En septembre 1870 le pouvoir en France était quasi vacant. Paris, la ville capitale se perdit dans des conjonctures et oublia de proclamer sa légitimité, c'est-à-dire de constituer une nouvelle République. Les monarchistes et réactionnaires profitérent du vide pour se faire élire, là où la réaction fleurait bon l'ordre moral. Ils siégèrent à Bordeaux, puis à Versailles. Le petit peuple de Paris le jugea comme une injure supplémentaire, en particulier après les parades des troupes d'occupations dans la capitale (début mars 1871).
 
 
Aussi surprenant que cela puisse sembler dans ce fatras de sentiment ou volonté de revanche, les urnes et les consultations électorales allient être relativement nombreuses en si peu de mois (avant et pendant la Commune). En raison du siège prussien bon nombre ont abandonné la capitale pour des retraites plus sûres et restaient principalement les familles ouvrières et les petits artisans, dont les hommes dépendant de la Garde Nationale (en uniforme de guerre ou presque). Les premières urnes à Paris firent ressortir les contradictions des républicains et leurs divisions. Ce que l'on peut analyser, ce sont les différents scrutins de la capitale pour mieux comprendre certains antagonismes locaux, et certaines contadictions avec la province ou entre villes et campagnes.
 
Les campagnes majoritaires, Paris était une ville à part, ou la plus en capacité à relever le défi de la liberté et d'une démocratie effective ou directe. L'on doit à certains étrangers une place conséquente dans le mouvement qui vit jour avec la proclamation de la Commune, le 26 mars 1871. Il va de même, que nos parisiens étaient très divisés et qu'il importe de pouvoir rétablir un certain contexte. L'on pourrait oublier qu'ailleurs l'Internationale se construit, sans vraiment le soutien des Français, trop préoccupés à raviver les divisions internes. C'est un polonais du nom de Léo Frankel qui représenta une figure des premiers marxistes en France lors de la Commune. Il n'a pu s'appuyer que sur quelques rares arrondissements de Paris, comme le dixième arrondissement.
 
Dès le début de juin ou juillet 1870, Marx dans son exil lançait un appel à la paix avec les travailleurs français. En septembre il s'inquiètait de l'inertie. Il ne comprenait pas pourquoi la république n'était pas proclamée à Paris. Quand les anciens de 1848 et pour certains de 1830 s'exaltaient d'une première république disparue, et qui ne pouvait que profiter à la classe possédante. Au lieu de l'imposer de fait, la République resta en réalité absente des enjeux. Tout discours venant de l'étranger était de nouveau suspect, ou hors des réalités quotidiennes d'un pays mis en pièce par les armées d'outre-Rhin. La réaction fit mine de dénoncer ce qui venait de l'Est de l'Europe, et délivra pour longtemps une fantasmagorie très franchouillarde et réactionnaire sur le "parti de l'étranger".
 

En moins de trois mois allait se vivre l'un des événements les plus marquant de l'histoire contemporaine. Un épisode de l'histoire de France mondialement connu. Trop peu souvent transmis à un large public, en particulier scolaire. Cette révolution pourtant préfigure les grandes causes sociales du vingtième siècle, et la validité des observations de Karl Marx sur ses échecs.

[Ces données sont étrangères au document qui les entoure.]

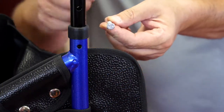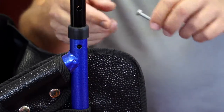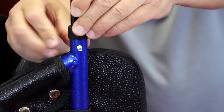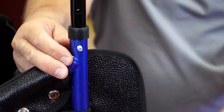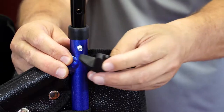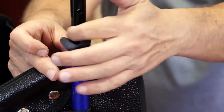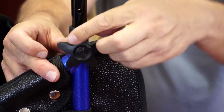Insert one of the steel bolts into the hole from the inside of the frame. You may have to wiggle the handle slightly to make the bolt go all the way through. Align the pentagon shape of the bolt's head with the pentagon-shaped indentation on the tube. Secure the bolt with the plastic knob on the outside of the frame. Screw it all the way, but do not over-tighten. The handle is now secured.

A noter : À LYON, À MARSEILLE, et dans d'autres villes des foyers de révoltes, des communes libres tenteront de se mettre en place. Elles seront très rapidement circonscrites et limitées dans le temps à quelques jours.


"DISCOURS SUR LA COMMUNE"

 Compte-rendu de Karl Marx du 23 mai 1871

A la réunion du Conseil général du 25 avril 1871, Marx a fait un rapport d'information sur la Commune. «On ne peut s'imaginer, a-t-il déclaré, la force de l'enthousiasme du peuple et de la garde nationale».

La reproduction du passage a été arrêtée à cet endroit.